Greenville, c’est le nom d’un groupe de rock formé par des ados mal dans leur peau. La pièce retrace son histoire depuis ses débuts hésitants jusqu’à sa disparition, en passant par son succès fulgurant. Après avoir enchaîné une tournée mondiale de concerts, les musiciens reviennent dans leur village natal pour rendre hommage à leurs premiers fans dans un show gigantesque. Cependant, les éléments d’un drame se mettent peu à peu en place…

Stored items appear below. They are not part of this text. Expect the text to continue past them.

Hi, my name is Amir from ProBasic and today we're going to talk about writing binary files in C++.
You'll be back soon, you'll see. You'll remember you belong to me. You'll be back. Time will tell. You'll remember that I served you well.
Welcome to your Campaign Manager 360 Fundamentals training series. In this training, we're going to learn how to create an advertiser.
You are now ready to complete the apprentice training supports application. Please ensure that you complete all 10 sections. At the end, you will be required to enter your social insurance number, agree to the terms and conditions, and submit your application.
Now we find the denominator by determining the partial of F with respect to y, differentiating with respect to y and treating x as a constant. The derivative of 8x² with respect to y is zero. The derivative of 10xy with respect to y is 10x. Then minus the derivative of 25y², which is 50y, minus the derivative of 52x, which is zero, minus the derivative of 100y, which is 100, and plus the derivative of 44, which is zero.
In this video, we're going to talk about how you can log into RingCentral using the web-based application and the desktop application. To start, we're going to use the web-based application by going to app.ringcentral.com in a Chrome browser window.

L’originalité de Greenville ne relève pas tant de l’histoire, qui est somme toute assez prévisible, que de la forme. Régis Duqué a en effet pris le parti de présenter sous forme de fragments les différents points de vue des rockers débutants et de leur entourage. On peut ainsi découvrir des jeunes qui se cherchent à travers la musique, qui tentent de trouver leur place dans le raz-de-marée du succès, qui se soutiennent et qui s’engueulent.

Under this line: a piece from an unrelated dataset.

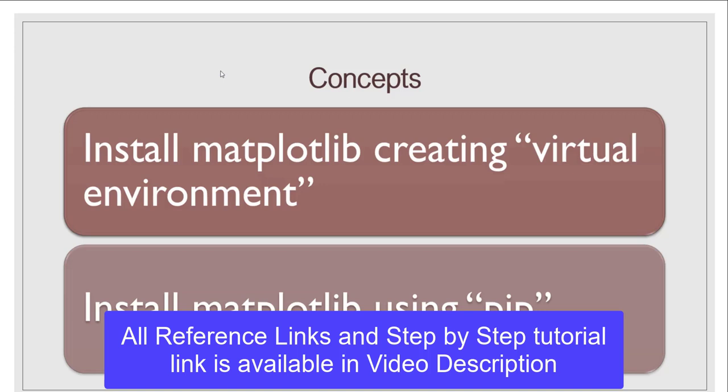Basically there are two ways to install matplotlib on Windows 10. The first one is installation of matplotlib by creating a virtual environment, and the next is installation of matplotlib using a pip command.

À travers une mosaïque de monologues entrecoupés de brefs dialogues, l’auteur nous livre une perception nuancée de la biographie du groupe, que chacun vit différemment. On peut ainsi découvrir, en plus des bribes de la vie des musiciens, le point de vue de spectateurs, de journalistes, d’un biographe, d’un sociologue du rock, etc. Les opinions se complètent, parfois se contredisent. Le dramaturge a l’intelligence de ne pas prendre parti pour un ou plusieurs des personnages, il laisse des zones d’ombre sur certains pans de l’histoire.

Greenville a été publié dans le catalogue de la Scène aux ados en 2013 et ce n’est guère étonnant. Son authenticité ne peut que toucher en plein cœur des ados (et adultes) avides de rêver et/ ou en quête de soi. Régis Duqué y traverse en effet les questions que l’homme se pose sur la vie, et ce, avec un humour touchant et un style rythmé (parfois haletant). Il lève le voile sur des légendes du rock pour montrer leurs questionnements, leurs espoirs, leurs faiblesses, qui contrastent avec les strass et paillettes du star system.

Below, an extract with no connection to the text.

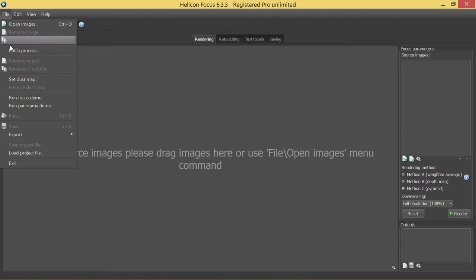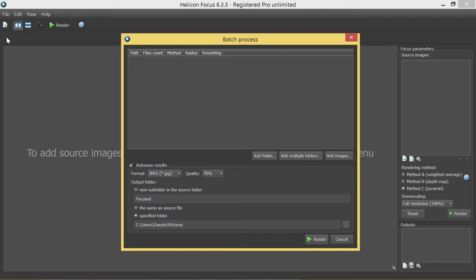There are several ways to add a stack to the queue: to add images or to add one or multiple folders. Depending on what you need, press the relevant button and choose images or folders to be added.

Greenville s’apprête à donner un concert devant plus de vingt mille personnes. Putain, tu es crevé, liquidé, les lits des hôtels sont trop mous, tu as mal au ventre, tu ne digères plus cette nourriture trop grasse qu’on te sert à longueur de journée, tu rêves des légumes du jardin de tes parents, d’une sieste sous un arbre, tu n’en peux plus de cette vie, jouer ton rôle, faire ce que l’on attend de toi, le bon élève, tous les jours, trimbalé, mets-toi ici, mets-toi là […] tu te rends compte de la chance que tu as, toute ta vie tu as rêvé de te retrouver là, à faire ce que tu aimes, alors ne te plains pas […] oui mais voilà […] tu n’appartiens à personne, tu n’en peux plus d’être toi, tu as envie de te tirer […]

Greenville a reçu le prix des Metteurs en Scène hors Belgique 2013-2014, destiné à encourager l’écriture dramatique en Belgique francophone.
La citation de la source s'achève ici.